You are viewing a plain text version of this content. The canonical link for it is here.

Posted to user@spark.apache.org by Devin Huang <ho...@163.com> on 2015/10/09 11:05:21 UTC

Different partition number of GroupByKey leads different result

Hi everyone,

     I got a trouble these days，and I don't know whether it is a bug of
spark.When I use  GroupByKey for our sequenceFile Data,I find that different
partition number lead different result, so as ReduceByKey. I think the
problem happens on the shuffle stage.I read the source code,  but still
can't find the answer.


this is the main code:

val rdd = sc.sequenceFile[UserWritable, TagsWritable](input,
classOf[UserWritable], classOf[TagsWritable])
val combinedRdd = rdd.map(s => (s._1.getuserid(),
s._2)).groupByKey(num).filter(_._1 == uid)

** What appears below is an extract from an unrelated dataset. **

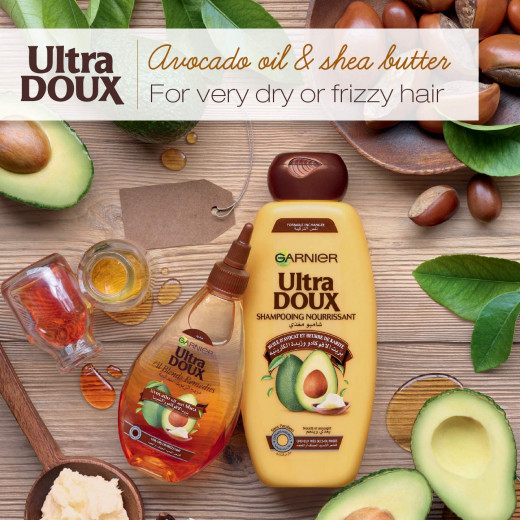 Garnier Ultra Doux Avocado Oil & Shea Butter Conditioner, 400ml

num is the number of partition and uid is a filter id for result
comparision.
TagsWritable implements WritableComparable<TagsWritable> and Serializable.

I used GroupByKey on text file, the result was right. 

Thanks,
Devin Huang




--
View this message in context: http://apache-spark-user-list.1001560.n3.nabble.com/Different-partition-number-of-GroupByKey-leads-different-result-tp24989.html
Sent from the Apache Spark User List mailing list archive at Nabble.com.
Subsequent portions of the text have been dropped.